KoboldAI / KoboldAI-Client

For GGUF support, see KoboldCPP: https://github.com/LostRuins/koboldcpp
https://koboldai.com
GNU Affero General Public License v3.0
3.51k stars 758 forks source link

Update pytorch+rocm to latest Version #237

Closed waffshappen closed 1 year ago

waffshappen commented 1 year ago

Tested on a Steam Deck with HSA_OVERRIDE_GFX_VERSION=10.3.0 as env in the docker-compose.yml. Successfully loads and runs OPT up to 350m on the gpu, most layers on 1.3B and up to 14 Layers of 2.7B Models.

I did not observe any Breakage with the updated pytorch Version (Tested with Story and OPT, not with Adventure Models) but more widespread Tests might be required.

henk717 commented 1 year ago

Is there something the older pytorch prevents from happening? If not i'd rather see this pull on the version on my own Github so we can have it in the beta branch first. I am always a bit hesitant to update the official version's dependencies unless there is a need to do so.

waffshappen commented 1 year ago

Is there something the older pytorch prevents from happening?

Yes, mostly it working on the Steam Deck GPU (Fedora 37, Latest podman). It reliably works, for hours (tested with a script that kept hitting the submit Button to keep generating) with 5.2 but the older pytorch fails, usually on the first or second submission, with memory errors that are not consistently the same each run. (radeontop does not show any memory full issue, nor do any logs show memory running full).

Plus the package index does not show a pytorch1.12+rocm5.2 for me.

CPU only generation works reliably with both.

Sadly this is my only RDNA2 gpu i have to test it at all - and my 7900XTX disappointingly has been left in the dust by AMD with nothing but a possible hint of support at all in 5.5.0 so waiting to test that with a pytorch2+rocm5.5 nightly in the far far future.
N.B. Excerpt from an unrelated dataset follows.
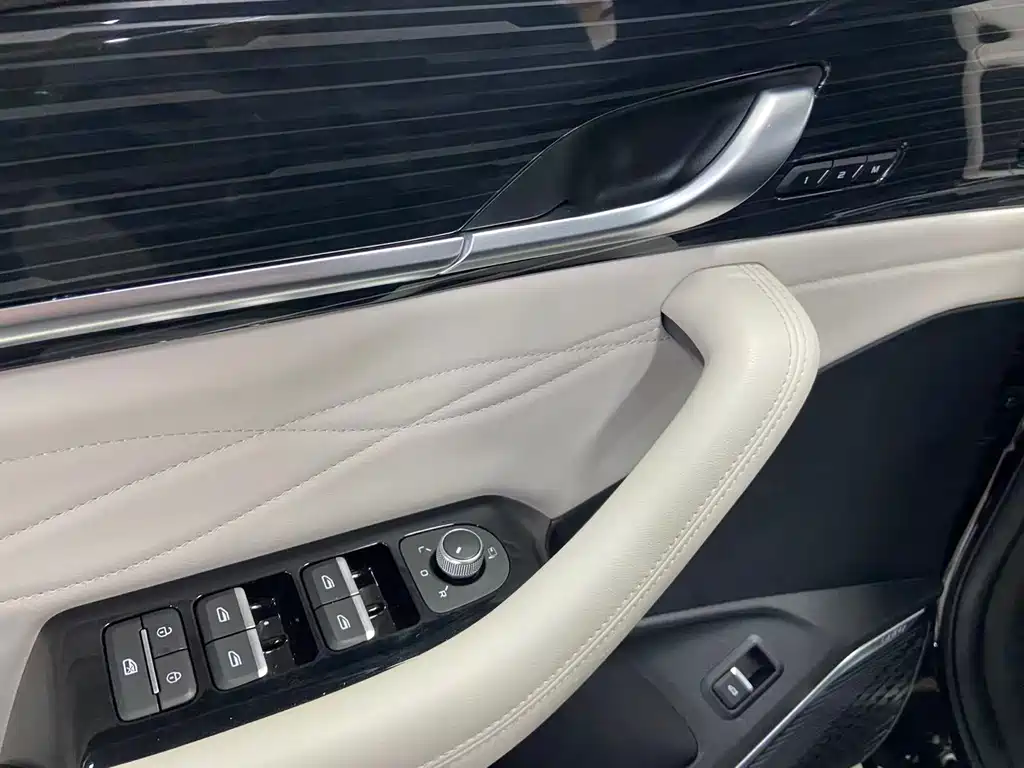 Geely Xingyue L 2023 — фото 15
0cc4m commented 1 year ago

I found another thing: When using two AMD GPUs, KoboldAI only outputs incoherent text when splitting a model across them. Using the up-to-date torch version of this PR fixes it and allows AMD users to use multiple GPUs together. @henk717

0cc4m commented 1 year ago

@waffshappen Latest is 1.13.1, any particular reason you chose 1.13.0? I tested the two GPU fix only with 1.13.1

waffshappen commented 1 year ago

@waffshappen Latest is 1.13.1, any particular reason you chose 1.13.0? I tested the two GPU fix only with 1.13.1

I did not see them when i initially made this MR, maybe they got added since?

ClashSAN commented 1 year ago

@waffshappen how interesting. how much vram would it take to run 350m? Did you increase allocated gpu vram to 4g in bios settings? Maybe you could write a gist if this isn't the right place, always cool to see people trying ML-related things with Steam Deck

MrGrymReaper commented 1 year ago

Maybe take it a bit further to version 5.5 of amd rocm and keep an eye out for the first releases if not already available for consumer GPUs.
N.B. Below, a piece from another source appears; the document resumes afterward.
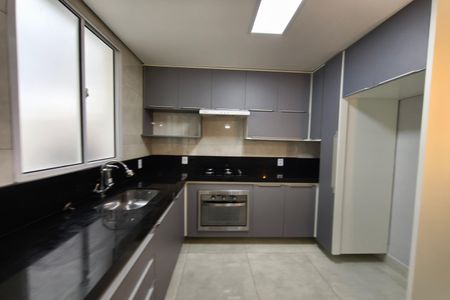 Apartamento para alugar com 54m², 2 quartos e 1 vaga Apartamento para alugar com 54m², 2 quartos e 1 vagaCozinha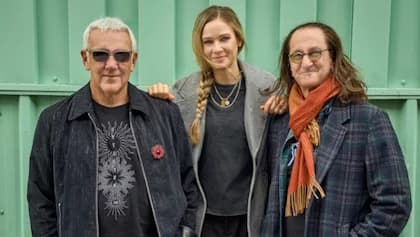 RUSH's GEDDY LEE On ANIKA NILLES: 'When You Hear Her Talk About NEIL PEART, She Really Understands And Appreciates His Greatness'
0cc4m commented 1 year ago

@MrGrymReaper KoboldAI uses pytorch, we can switch to ROCm 5.5 once Pytorch does. So far they use 5.4.2

henk717 commented 1 year ago

Also worth noting on United we had regressions so Pytorch 2.0 was reverted. So hopefully when ROCm gets more stable we can reintroduce it there. Currently not comfortable with the change on the main version as a result, but United has the most recent one that was tested to be stable ready to use.